Data:
Segment Open

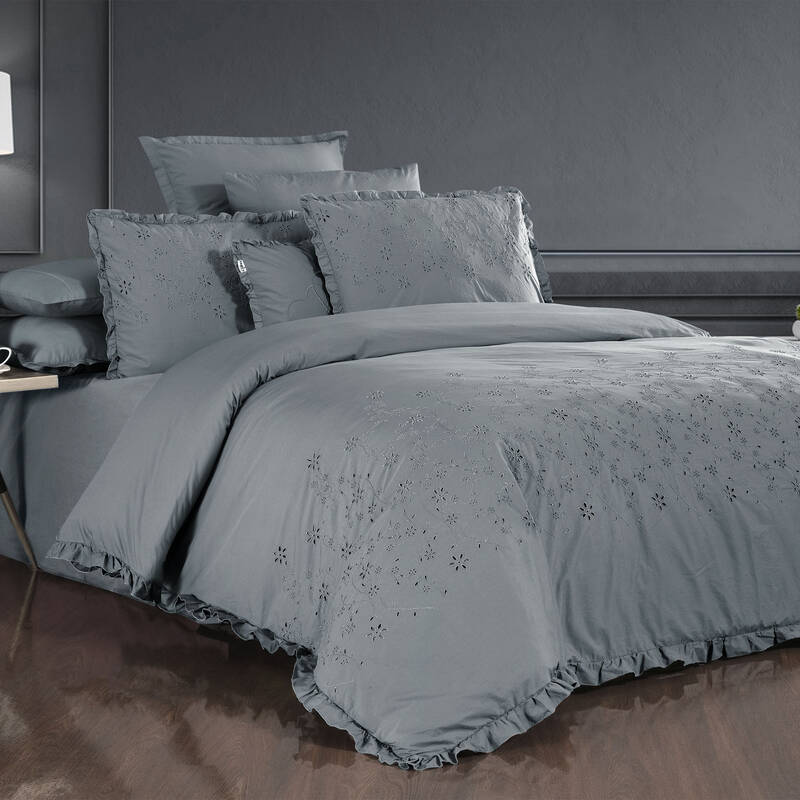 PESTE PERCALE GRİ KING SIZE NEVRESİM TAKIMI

Segment Closed
Segment Open

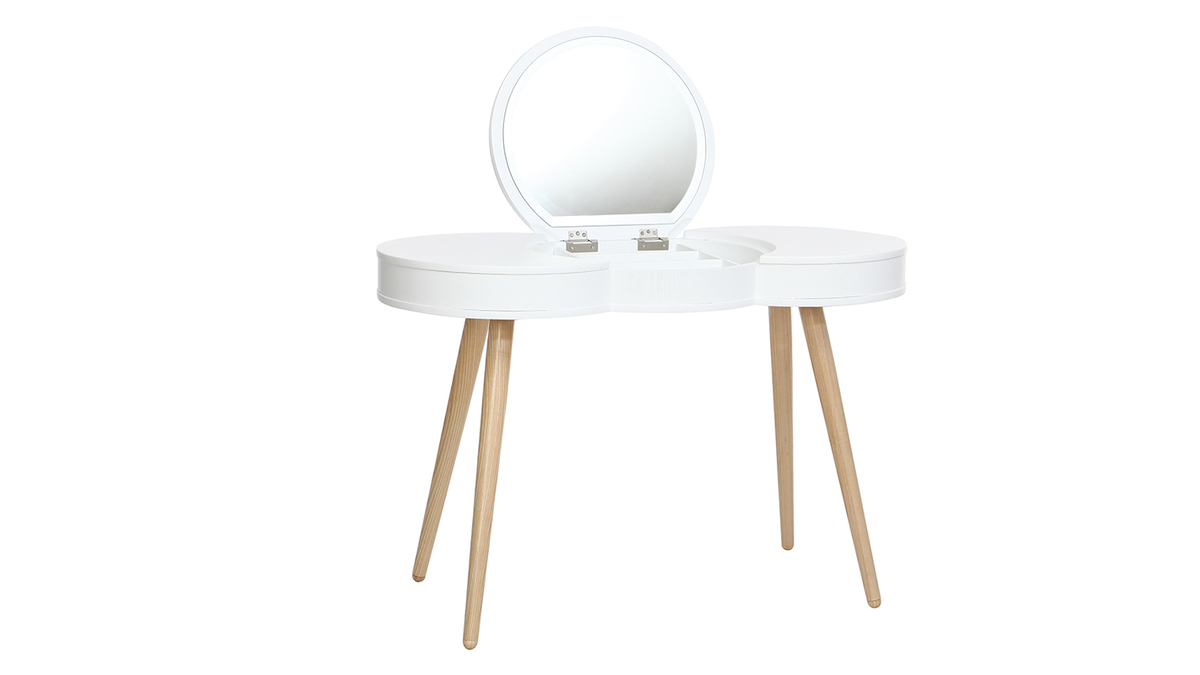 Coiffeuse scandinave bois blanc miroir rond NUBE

Segment Closed
Segment Open

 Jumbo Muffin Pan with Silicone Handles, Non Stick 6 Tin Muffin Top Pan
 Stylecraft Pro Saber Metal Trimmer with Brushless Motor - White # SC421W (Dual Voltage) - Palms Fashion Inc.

Segment Closed

Required action: Filter the listing so that only lines holding the word "with" remain, and copy those lines.

Answer space:
 Jumbo Muffin Pan with Silicone Handles, Non Stick 6 Tin Muffin Top Pan
 Stylecraft Pro Saber Metal Trimmer with Brushless Motor - White # SC421W (Dual Voltage) - Palms Fashion Inc.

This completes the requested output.